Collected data

==========

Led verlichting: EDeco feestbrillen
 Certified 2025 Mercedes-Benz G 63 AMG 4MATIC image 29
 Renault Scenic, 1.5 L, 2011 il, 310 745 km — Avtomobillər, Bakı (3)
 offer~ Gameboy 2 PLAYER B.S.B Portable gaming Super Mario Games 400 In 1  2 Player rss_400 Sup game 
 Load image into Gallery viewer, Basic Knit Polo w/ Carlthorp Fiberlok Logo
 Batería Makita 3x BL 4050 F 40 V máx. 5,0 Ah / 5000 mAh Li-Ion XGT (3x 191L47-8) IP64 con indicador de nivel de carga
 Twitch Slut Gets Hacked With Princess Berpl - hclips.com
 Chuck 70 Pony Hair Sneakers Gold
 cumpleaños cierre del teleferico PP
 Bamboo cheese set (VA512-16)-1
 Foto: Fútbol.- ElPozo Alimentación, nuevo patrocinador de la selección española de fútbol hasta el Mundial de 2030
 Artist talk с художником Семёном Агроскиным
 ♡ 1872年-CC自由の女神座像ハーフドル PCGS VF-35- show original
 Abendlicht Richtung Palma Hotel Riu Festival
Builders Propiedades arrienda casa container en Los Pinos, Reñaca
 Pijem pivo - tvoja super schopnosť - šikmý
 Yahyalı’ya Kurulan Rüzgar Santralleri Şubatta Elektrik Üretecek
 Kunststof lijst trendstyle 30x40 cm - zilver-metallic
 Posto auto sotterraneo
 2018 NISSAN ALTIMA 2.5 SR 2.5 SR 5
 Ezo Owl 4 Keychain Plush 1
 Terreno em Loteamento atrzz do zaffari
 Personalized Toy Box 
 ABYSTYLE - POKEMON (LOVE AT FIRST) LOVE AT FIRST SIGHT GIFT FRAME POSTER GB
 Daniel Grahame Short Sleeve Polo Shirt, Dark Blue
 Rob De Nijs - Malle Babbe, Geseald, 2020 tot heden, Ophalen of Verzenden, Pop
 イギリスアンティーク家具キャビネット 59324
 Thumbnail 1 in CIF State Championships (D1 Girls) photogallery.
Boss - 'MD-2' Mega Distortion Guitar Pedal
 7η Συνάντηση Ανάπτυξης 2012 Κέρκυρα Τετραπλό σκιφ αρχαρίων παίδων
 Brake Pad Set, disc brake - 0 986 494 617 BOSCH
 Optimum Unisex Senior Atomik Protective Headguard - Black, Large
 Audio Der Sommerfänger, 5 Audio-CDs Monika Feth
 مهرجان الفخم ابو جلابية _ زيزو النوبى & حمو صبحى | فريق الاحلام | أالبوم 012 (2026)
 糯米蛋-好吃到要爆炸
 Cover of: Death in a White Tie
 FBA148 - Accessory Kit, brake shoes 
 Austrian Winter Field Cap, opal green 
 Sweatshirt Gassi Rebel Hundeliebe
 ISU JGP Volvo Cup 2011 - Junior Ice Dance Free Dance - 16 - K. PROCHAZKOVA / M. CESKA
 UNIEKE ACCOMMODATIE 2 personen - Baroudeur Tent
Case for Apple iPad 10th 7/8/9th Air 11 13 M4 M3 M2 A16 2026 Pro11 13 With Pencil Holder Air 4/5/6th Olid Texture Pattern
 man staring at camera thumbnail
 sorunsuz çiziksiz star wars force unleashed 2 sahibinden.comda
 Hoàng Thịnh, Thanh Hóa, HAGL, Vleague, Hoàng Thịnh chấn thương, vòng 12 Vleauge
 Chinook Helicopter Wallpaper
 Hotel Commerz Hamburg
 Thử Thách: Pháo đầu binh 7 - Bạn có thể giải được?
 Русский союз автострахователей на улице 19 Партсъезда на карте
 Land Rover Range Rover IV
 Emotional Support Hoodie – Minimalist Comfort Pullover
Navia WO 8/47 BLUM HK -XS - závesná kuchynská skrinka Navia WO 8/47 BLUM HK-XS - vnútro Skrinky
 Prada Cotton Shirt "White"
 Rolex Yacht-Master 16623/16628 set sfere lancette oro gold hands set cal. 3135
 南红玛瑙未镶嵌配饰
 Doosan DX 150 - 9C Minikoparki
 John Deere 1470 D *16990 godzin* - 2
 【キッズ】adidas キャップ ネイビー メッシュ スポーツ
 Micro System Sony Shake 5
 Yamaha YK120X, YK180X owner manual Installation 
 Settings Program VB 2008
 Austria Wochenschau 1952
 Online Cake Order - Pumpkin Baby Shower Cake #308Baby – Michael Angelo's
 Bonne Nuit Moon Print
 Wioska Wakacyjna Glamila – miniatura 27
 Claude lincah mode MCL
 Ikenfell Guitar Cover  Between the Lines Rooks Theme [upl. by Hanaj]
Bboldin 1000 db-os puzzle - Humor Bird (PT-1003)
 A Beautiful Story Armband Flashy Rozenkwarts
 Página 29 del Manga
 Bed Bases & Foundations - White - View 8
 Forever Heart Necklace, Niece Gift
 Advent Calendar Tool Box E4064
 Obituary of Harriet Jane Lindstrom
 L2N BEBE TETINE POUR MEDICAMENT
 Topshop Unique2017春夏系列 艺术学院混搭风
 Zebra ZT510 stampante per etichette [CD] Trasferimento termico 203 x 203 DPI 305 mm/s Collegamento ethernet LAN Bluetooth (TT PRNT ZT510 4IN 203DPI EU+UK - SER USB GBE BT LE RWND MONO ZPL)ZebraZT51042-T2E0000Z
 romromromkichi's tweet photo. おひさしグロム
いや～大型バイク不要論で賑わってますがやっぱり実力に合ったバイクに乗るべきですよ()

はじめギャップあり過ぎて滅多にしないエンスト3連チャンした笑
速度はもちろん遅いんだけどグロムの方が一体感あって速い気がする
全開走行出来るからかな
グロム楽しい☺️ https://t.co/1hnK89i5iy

==========

TASK DETAILS
Repeat, exactly as they stand above, the lines from the line with "L2N BEBE TETINE POUR MEDICAMENT" to the line with "Zebra ZT510 stampante", both lines included.

SOLVED EXERCISE
 L2N BEBE TETINE POUR MEDICAMENT
 Topshop Unique2017春夏系列 艺术学院混搭风
 Zebra ZT510 stampante per etichette [CD] Trasferimento termico 203 x 203 DPI 305 mm/s Collegamento ethernet LAN Bluetooth (TT PRNT ZT510 4IN 203DPI EU+UK - SER USB GBE BT LE RWND MONO ZPL)ZebraZT51042-T2E0000Z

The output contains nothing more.